#### Dataset entries

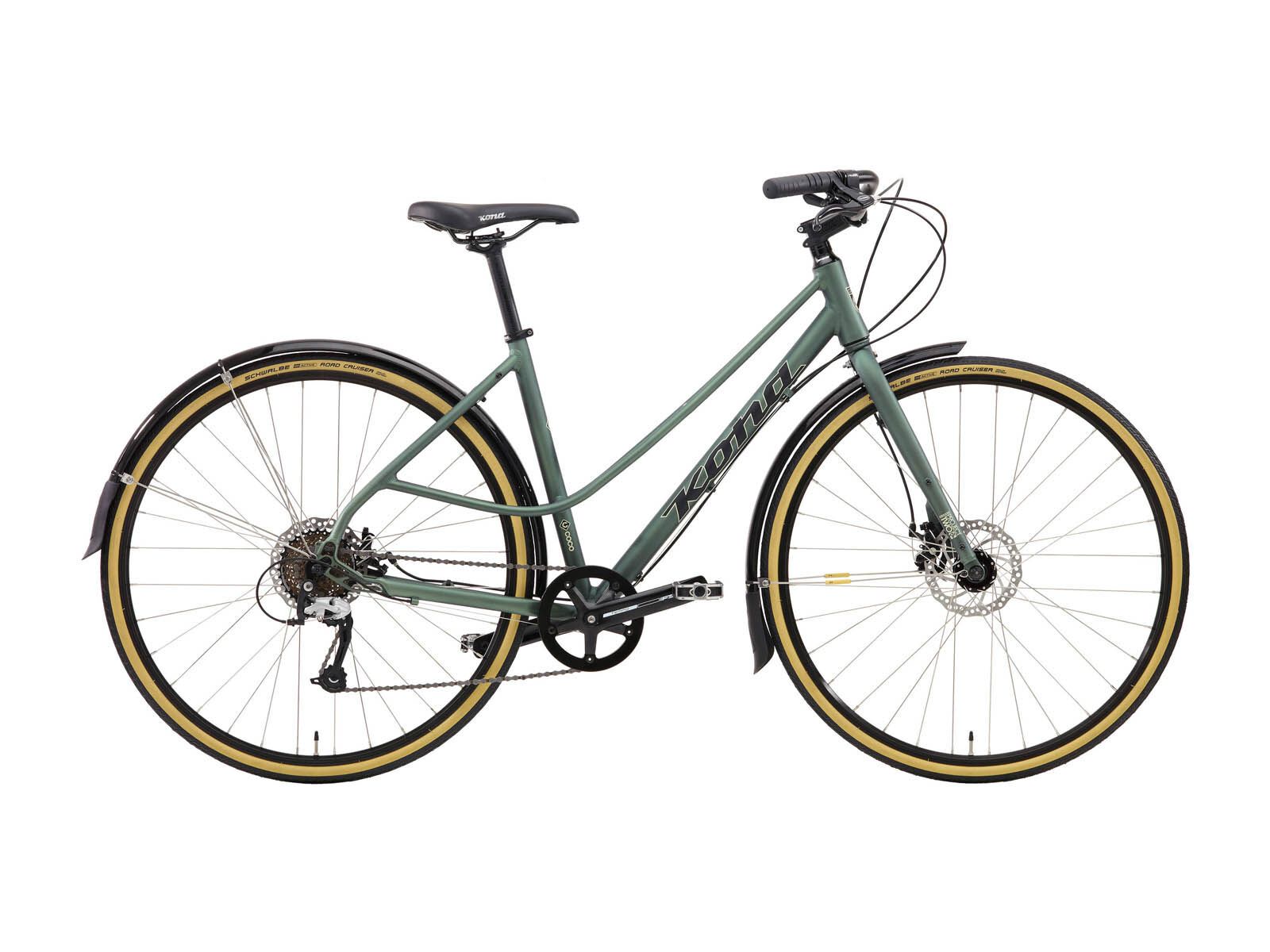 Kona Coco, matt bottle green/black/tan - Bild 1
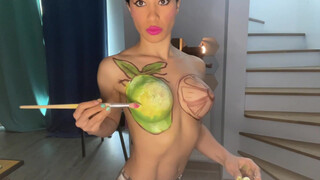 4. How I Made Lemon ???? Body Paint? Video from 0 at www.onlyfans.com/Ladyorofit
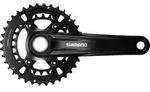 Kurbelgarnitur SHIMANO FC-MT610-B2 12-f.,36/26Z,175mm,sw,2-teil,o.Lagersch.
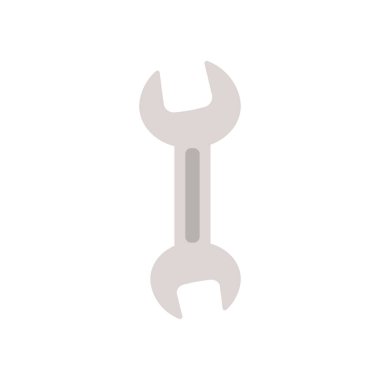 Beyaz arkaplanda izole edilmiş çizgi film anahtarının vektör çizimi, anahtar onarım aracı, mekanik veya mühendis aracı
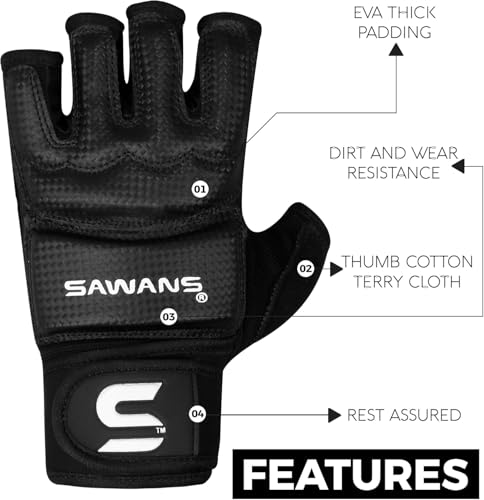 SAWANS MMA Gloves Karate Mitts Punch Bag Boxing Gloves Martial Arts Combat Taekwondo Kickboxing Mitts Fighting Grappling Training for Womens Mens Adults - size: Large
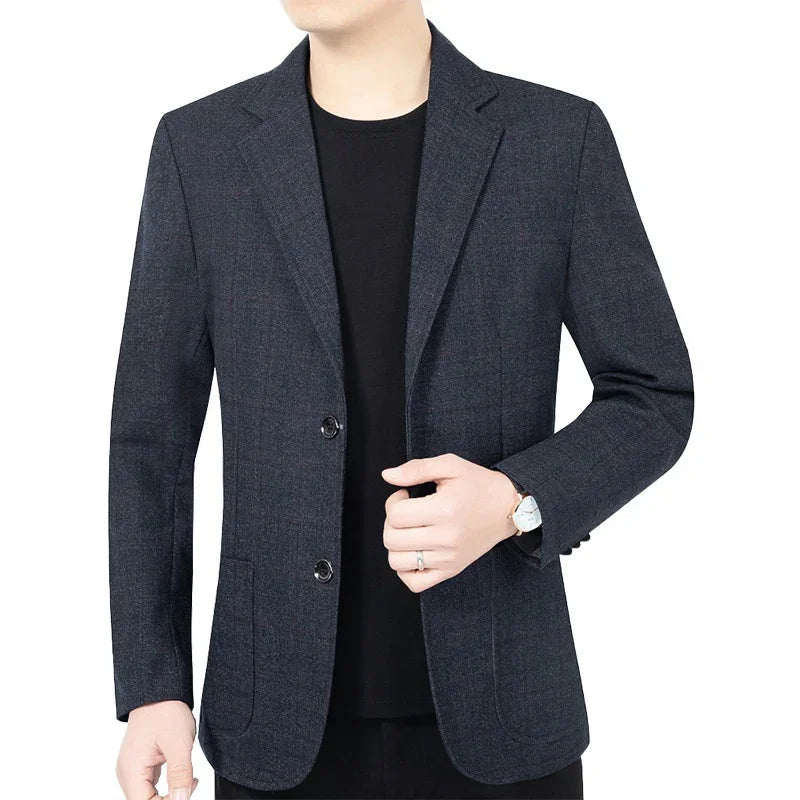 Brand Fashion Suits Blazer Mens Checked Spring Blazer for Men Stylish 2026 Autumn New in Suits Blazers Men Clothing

########

» The problem: Word for word, write out each line from the one with "SAWANS MMA Gloves" through the end of the entries above, and omit any pictures.

» Result:
 SAWANS MMA Gloves Karate Mitts Punch Bag Boxing Gloves Martial Arts Combat Taekwondo Kickboxing Mitts Fighting Grappling Training for Womens Mens Adults - size: Large
 Brand Fashion Suits Blazer Mens Checked Spring Blazer for Men Stylish 2026 Autumn New in Suits Blazers Men Clothing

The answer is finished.